# Speedy pro



## Thomasr (Oct 11, 2011)

As per title. Condition not critical. Box papers bracelet not important either

thanks all


----------



## hughlle (Aug 23, 2015)

You're not getting any of mine Thomas  but just for clarification, are you specifically talking about the moon watch, or any old speedy pro?


----------



## Padders (Oct 21, 2008)

The Moonwatch is the Professional model, the others like the reduced day-date or BA models are not labelled Pro. There may be a couple of very rare exceptions to this but I am pretty sure all of yours follow this rule High.


----------



## hughlle (Aug 23, 2015)

Padders said:


> The Moonwatch is the Professional model, the others like the reduced day-date or BA models are not labelled Pro. There may be a couple of very rare exceptions to this but I am pretty sure all of yours follow this rule High.


 So are the mark 2/3/4 also considered a "moon watch"?


----------



## Padders (Oct 21, 2008)

hughlle said:


> So are the mark 2/3/4 also considered a "moon watch"?

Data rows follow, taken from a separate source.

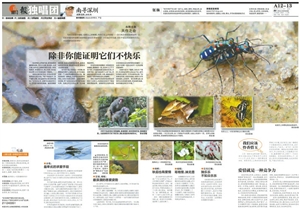 又是零收入的一天图片_美丽说一天的收入(2)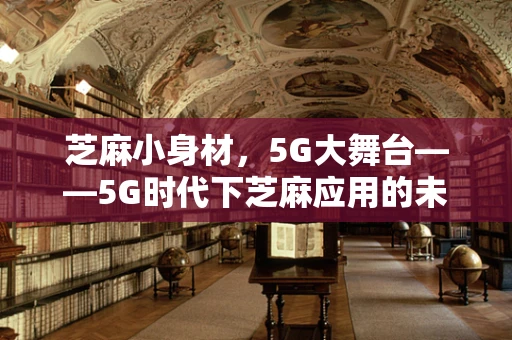 芝麻小身材，5G大舞台——5G时代下芝麻应用的未来挑战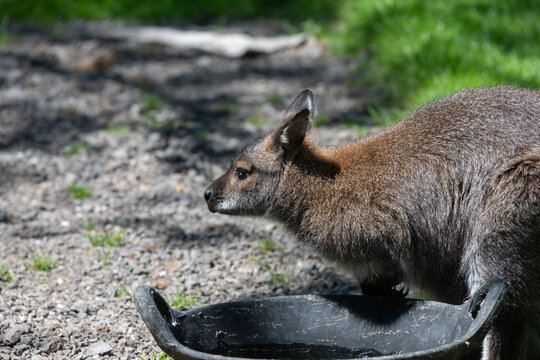 Close up of a red necked wallaby (notamacropus rufogriseus)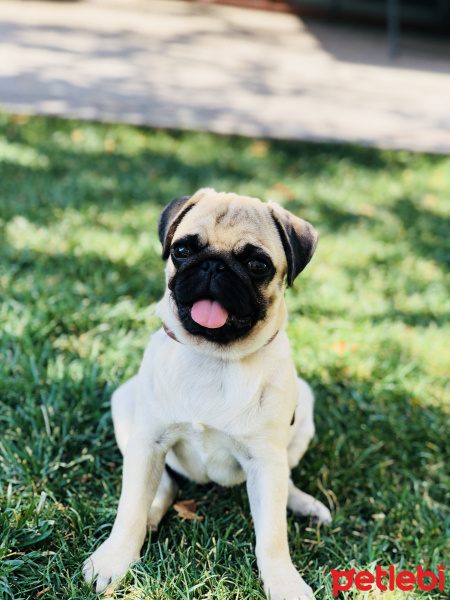 Pug, Köpek  RIFKI fotoğrafı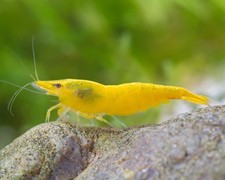 Lot De 10 Crevettes Yellow Neocaridina Aquarium Poisson Plantes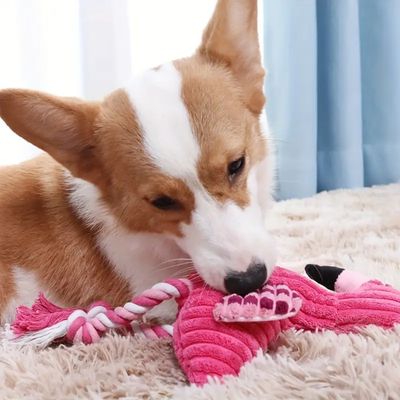 IntiMeg Juguete interactivo para perros con forma de flamenco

 Certainly not! I do see your point though, some of the originals were marked up as a Pro (but not the reissues). The ironic thing is that what is considered the one and only Moonwatch ie the 145.0022 in its various forms with 861/1861 was never there. Only the 321 movement made it so the last real Moonwatch was made in 1968. Marketing eh!


----------



## Thomasr (Oct 11, 2011)

Moon watch (or pre moon) wanted please or mk II


----------